The answer must give back every line of the data exactly, with no pictures.

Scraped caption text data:
++++++

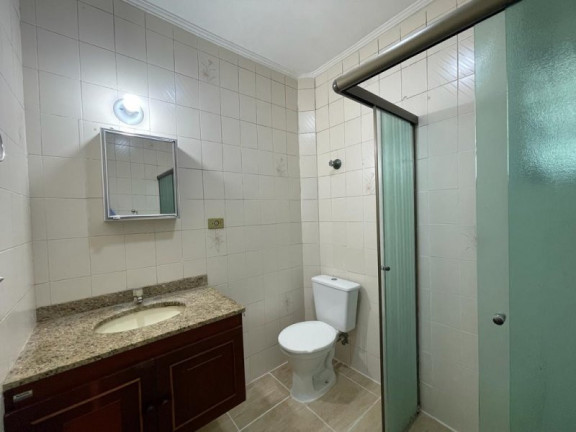 Imagem Apartamento com 2 Quartos para Alugar, 90 m² em Embaré - Santos Imagem Apartamento com 2 Quartos para Alugar, 90 m² em Embaré - Santos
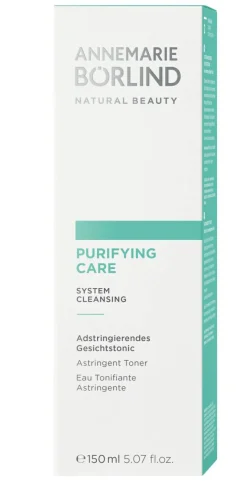 "Purifying Care" Gesichtstonic 150 ml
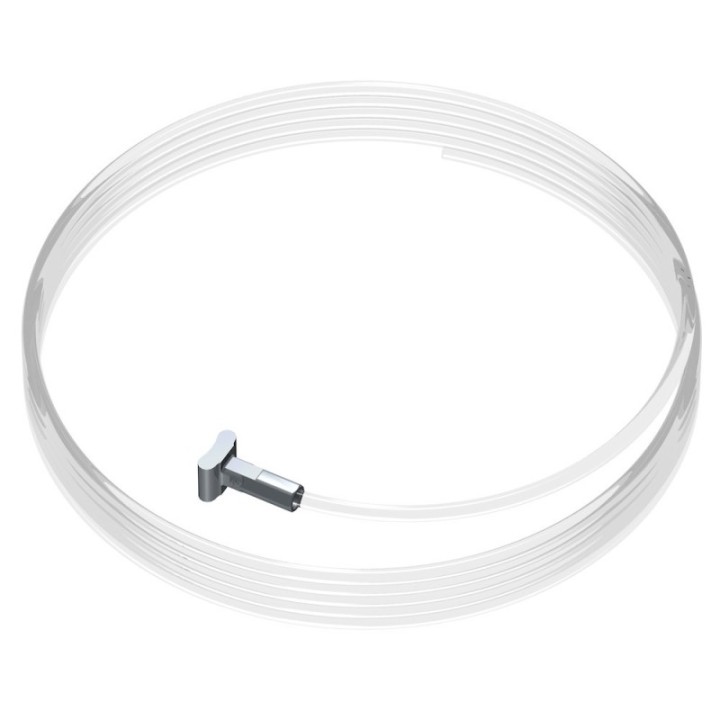 Artiteq Perlondraad met Solid Slider
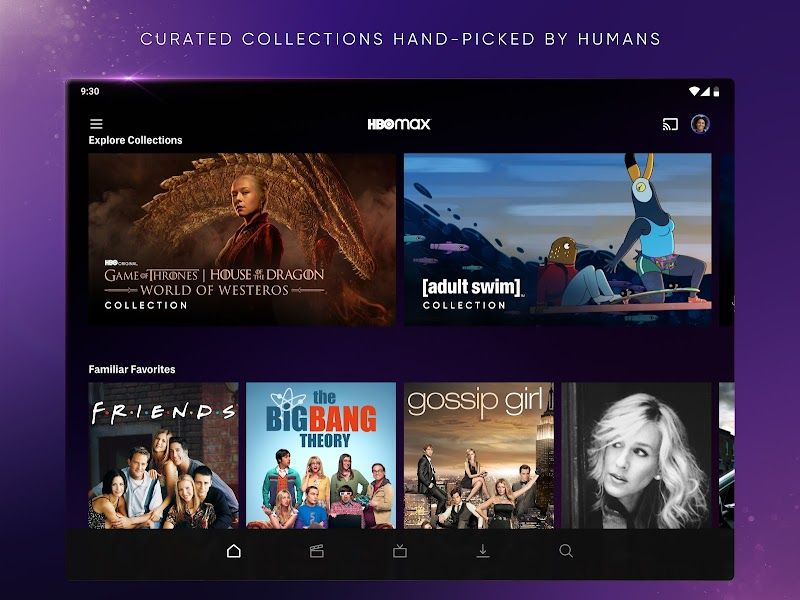 HBO NOW  Screenshots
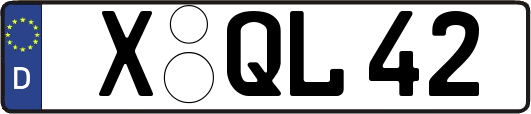 X-QL42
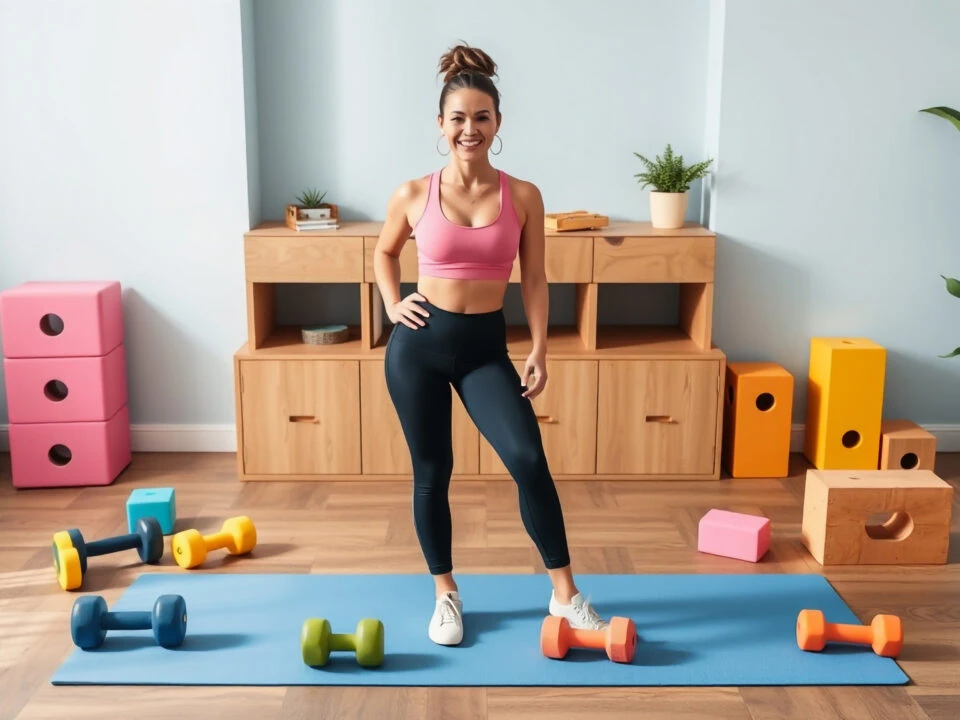 Essential Equipment for Home Workouts: What You Really Need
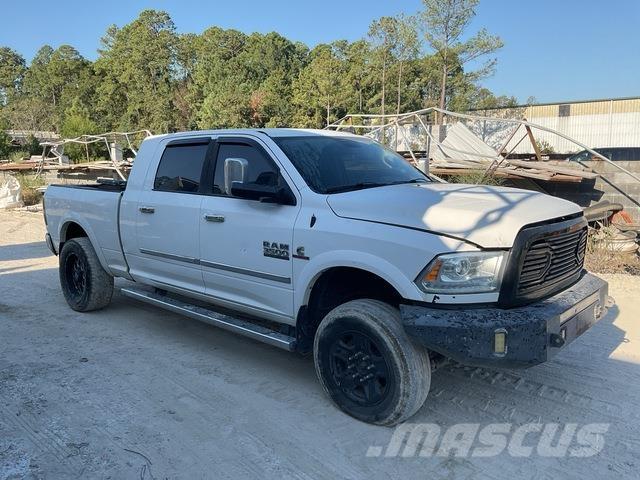 RAM 3500 Pickup/planbiler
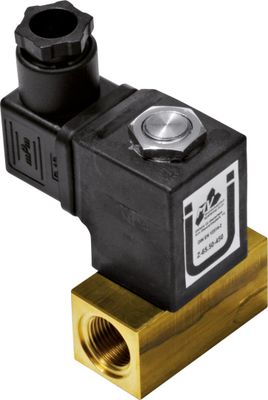 Bosch / Junkers Antiheber-Magnetventil R 3/4" Nr. 1638 Bild 2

++++++

→ Answer to this problem
 Imagem Apartamento com 2 Quartos para Alugar, 90 m² em Embaré - Santos Imagem Apartamento com 2 Quartos para Alugar, 90 m² em Embaré - Santos
 "Purifying Care" Gesichtstonic 150 ml
 Artiteq Perlondraad met Solid Slider
 HBO NOW  Screenshots
 X-QL42
 Essential Equipment for Home Workouts: What You Really Need
 RAM 3500 Pickup/planbiler
 Bosch / Junkers Antiheber-Magnetventil R 3/4" Nr. 1638 Bild 2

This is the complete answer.